Standard resolution: "else matches the nearest unmatched if" (Parse 1)

This can be encoded in the grammar:

S → Matched | Unmatched
Matched → if E then Matched else Matched | other
Unmatched → if E then S | if E then Matched else Unmatched

Inherently Ambiguous Languages

Some context-free languages have no unambiguous grammar.

Example: L = {aⁿbⁿcᵐdᵐ : n,m ≥ 1} ∪ {aⁿbᵐcᵐdⁿ : n,m ≥ 1}

Every CFG for this language is ambiguous. The string a²b²c²d² belongs to both parts, and any grammar must derive it in fundamentally different ways.

Chomsky Normal Form

Definition

A CFG is in Chomsky Normal Form (CNF) if every production rule is of the form:

A → BC (where B, C are variables, not the start variable)
A → a (where a is a terminal)
S → ε (only if ε ∈ L(G), and S doesn't appear on the right side of any rule)

Importance

Simplifies parsing algorithms: CYK algorithm runs in O(n³) for CNF grammars
Theoretical tool: Many proofs are easier with CNF
Normal form theorem: Every CFG can be converted to CNF

Conversion to CNF

Algorithm:

Add new start variable: Create S₀ → S to ensure start variable doesn't appear on right side
Eliminate ε-rules: Remove A → ε rules
- For each rule B → αAβ, add B → αβ
- Repeat for all nullable variables
Eliminate unit rules: Remove A → B rules
- For each rule A → B and B → α, add A → α
- Repeat until no unit rules remain
Convert long rules: Replace A → u₁u₂...uₖ (k ≥ 3) with:
- A → u₁A₁
- A₁ → u₂A₂
- ...
- Aₖ₋₂ → uₖ₋₁uₖ
Convert terminal rules: Replace A → u₁u₂ where uᵢ is a terminal with:
- A → U₁U₂
- Uᵢ → uᵢ (new rules)

Example 7: Converting to CNF

Original grammar:

S → ASA | aB
A → B | S
B → b | ε

Step 1: Add new start variable

S₀ → S
S → ASA | aB
A → B | S
B → b | ε

Step 2: Eliminate ε-rules (B is nullable)

S₀ → S
S → ASA | aB | a    (added S → a since B is nullable)
A → B | S | ε       (A becomes nullable)
B → b

Now A is nullable too:

S₀ → S
S → ASA | AS | SA | S | aB | a
A → B | S
B → b

Step 3: Eliminate unit rules

S₀ → ASA | AS | SA | aB | a | b
S → ASA | AS | SA | aB | a | b
A → b
B → b

Step 4: Convert long rules (ASA has length 3)

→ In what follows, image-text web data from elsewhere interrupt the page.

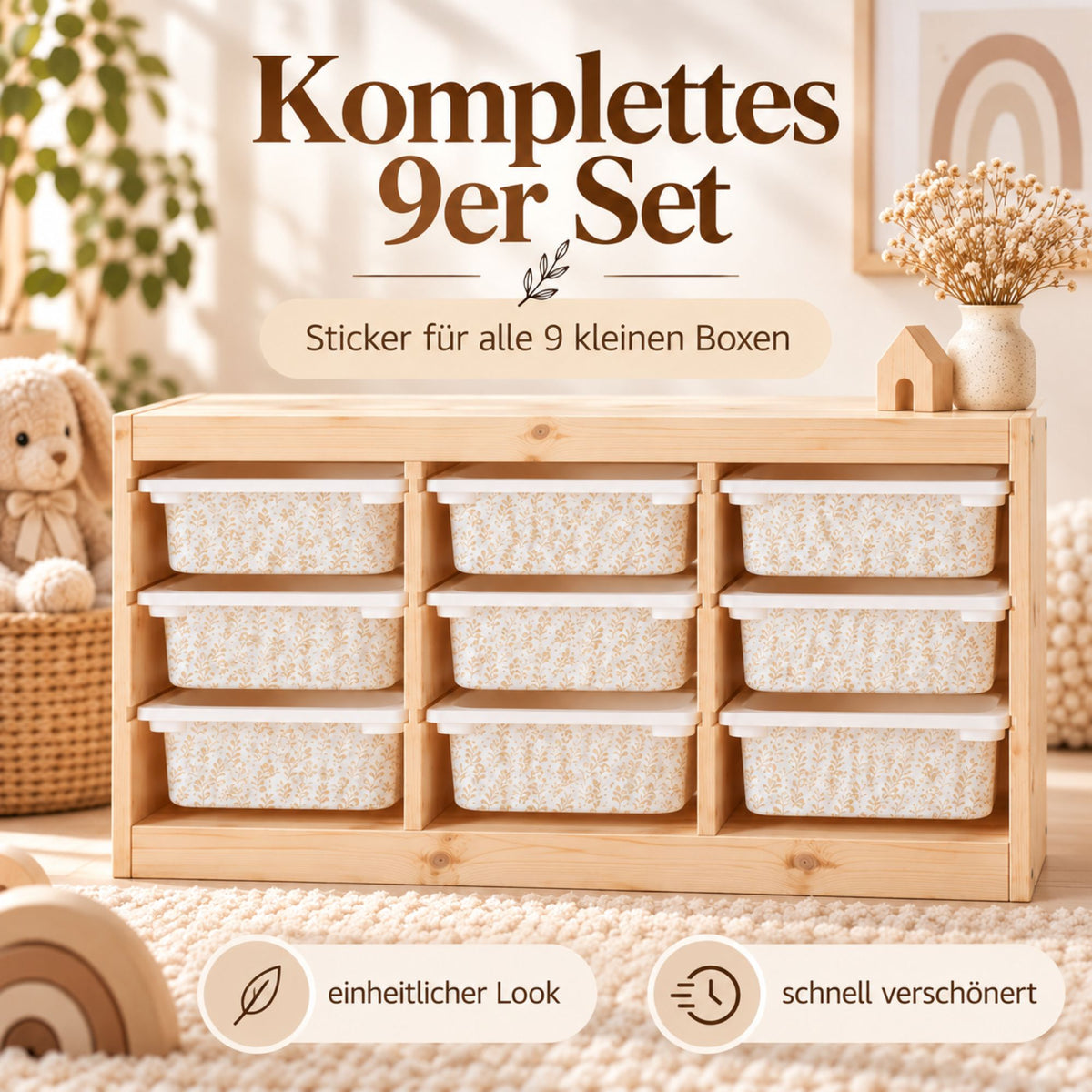 TROFAST Aufkleber 9er Set – Sticker für alle 9 kleinen Boxen, Vinylfolie für IKEA TROFAST Regal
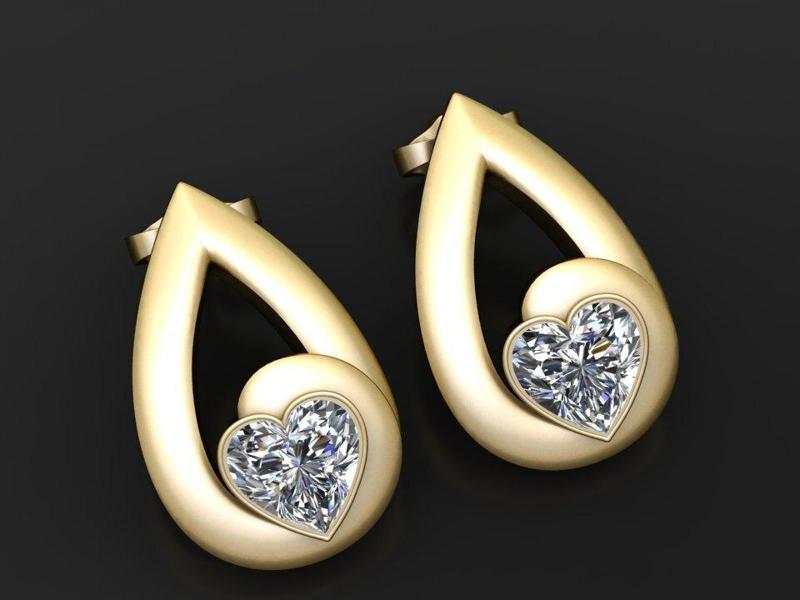 Teardrop Heart Diamond Earrings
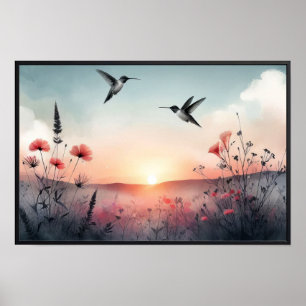 Hummingvögel und Wildblumen mit optionalem Rahmen Poster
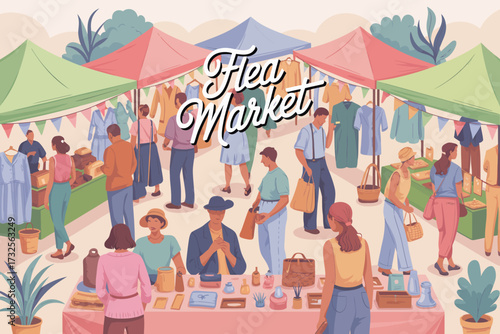 A bustling flea market scene featuring vibrant tents with varied products, people shopping, and enjoying a lively atmosphere filled with excitement and culture.
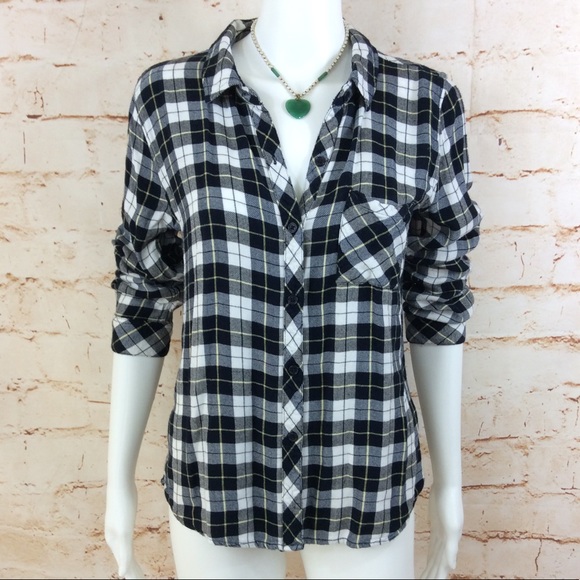 Rails Tops - Rails very soft plaid hunter black white yellow
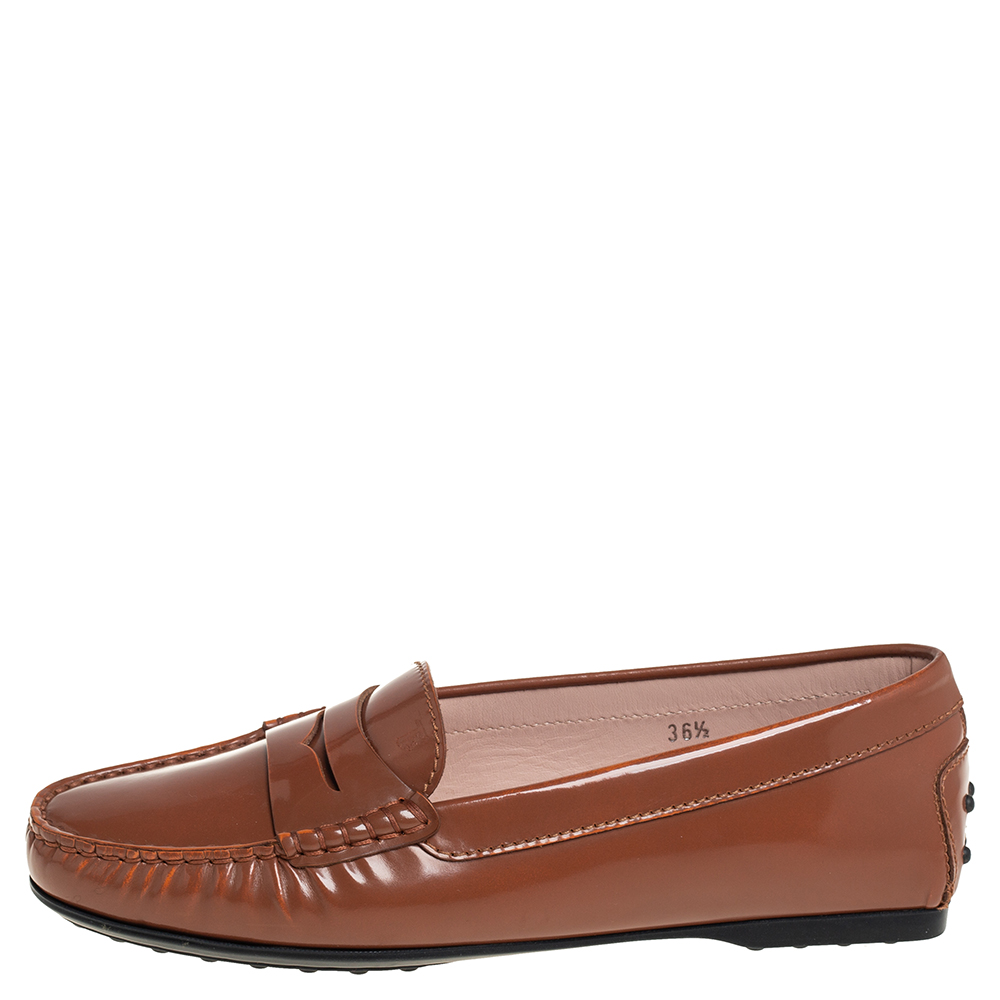 

Tod's Brown Patent Leather Gomma Loafers Size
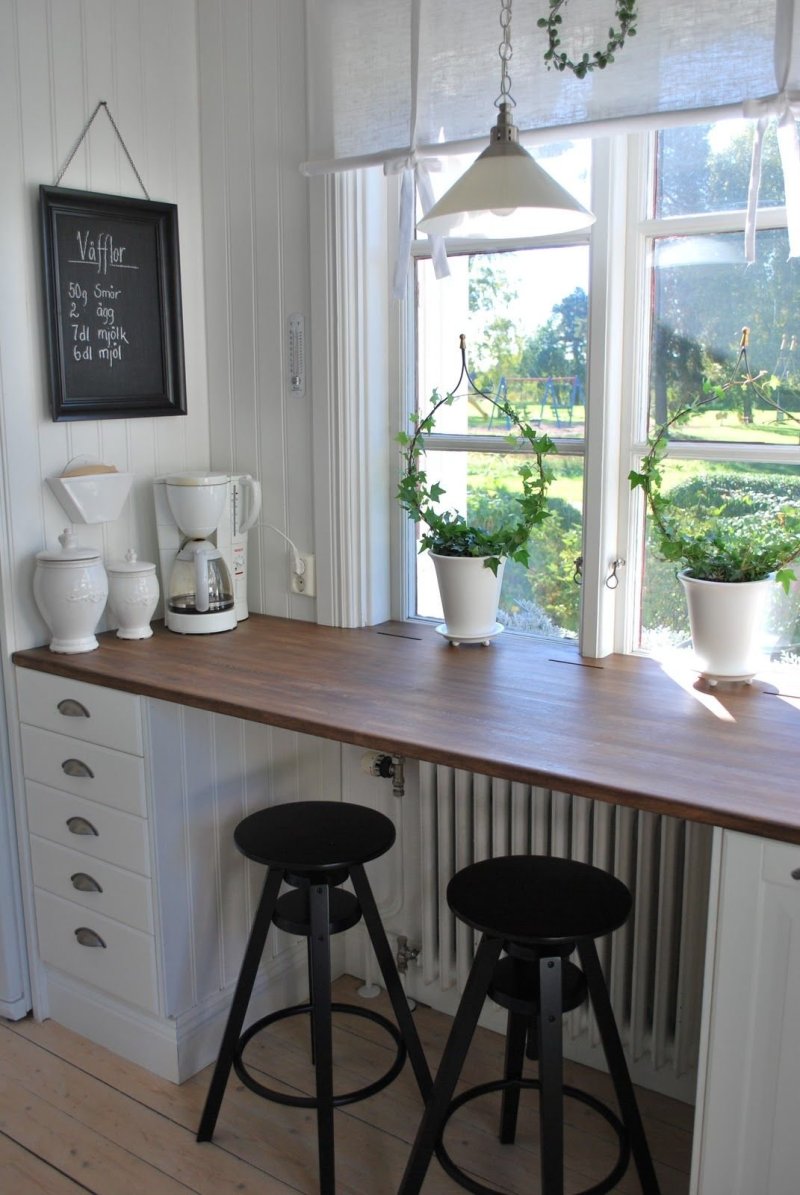 Table by the window in the kitchen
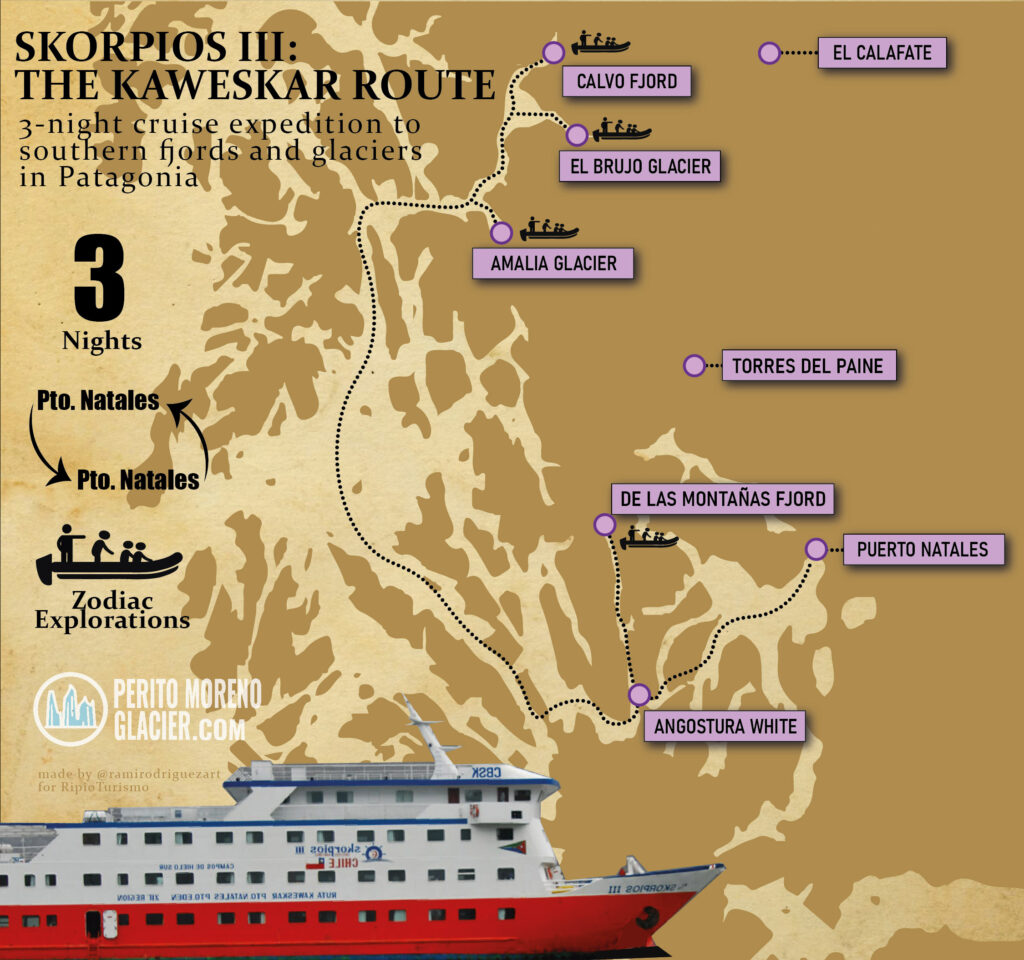 Skorpios III, Itinerary map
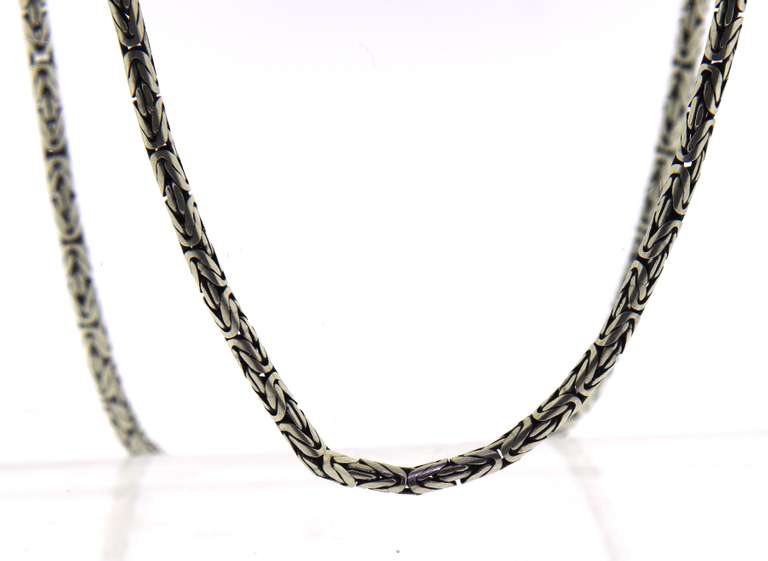 Vintage Sterling Silver Byzantine Chain Necklace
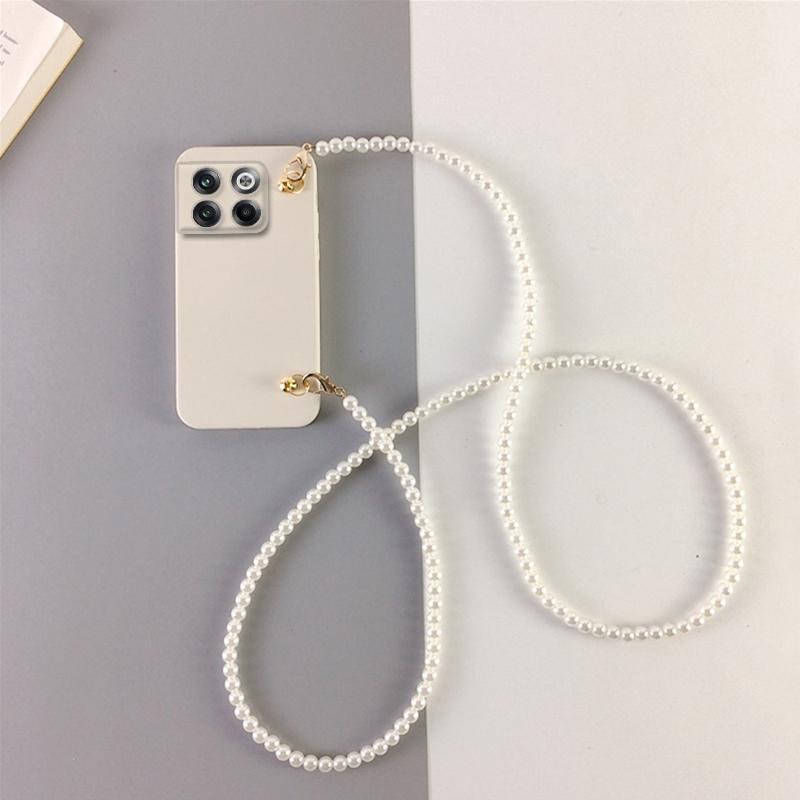 Pearl Chain Crossbody Lanyard Case For Oneplus ACE 2 Pro Bracelet Necklace Protective Camera Lens Cases For Oneplus ACE Soft Silicone Phone Back Cover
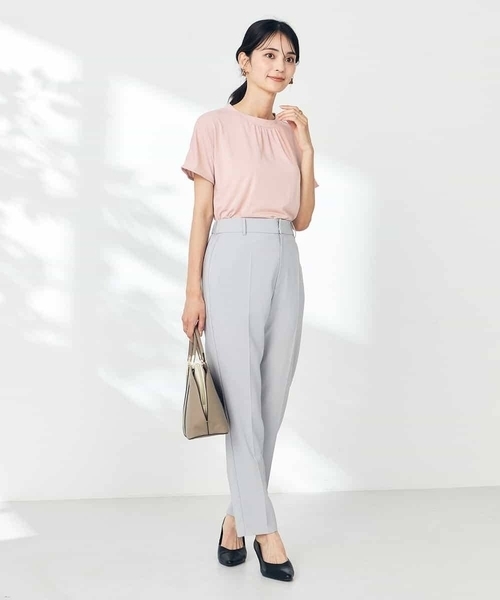 ✨日本製✨ ウヴラージュクラス カットソー ブラウス フレンチスリーブ ギャザー 日本製」ブラウス レディース ギャザー ノースリーブ プチ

S₀ → AX₁ | AS | SA | aB | a | b  where X₁ → SA
S → AX₁ | AS | SA | aB | a | b
X₁ → SA
A → b
B → b

Step 5: Convert terminal rules (like aB)

S₀ → AX₁ | AS | SA | UB | a | b  where U → a
S → AX₁ | AS | SA | UB | a | b
X₁ → SA
A → b
B → b
U → a

Final CNF:

S₀ → AX₁ | AS | SA | UB | a | b
S → AX₁ | AS | SA | UB | a | b
X₁ → SA
A → b
B → b
U → a

Pushdown Automata

Motivation

Regular languages are recognized by finite automata (finite memory). Context-free languages need more memory, but not arbitrary memory - they need a stack.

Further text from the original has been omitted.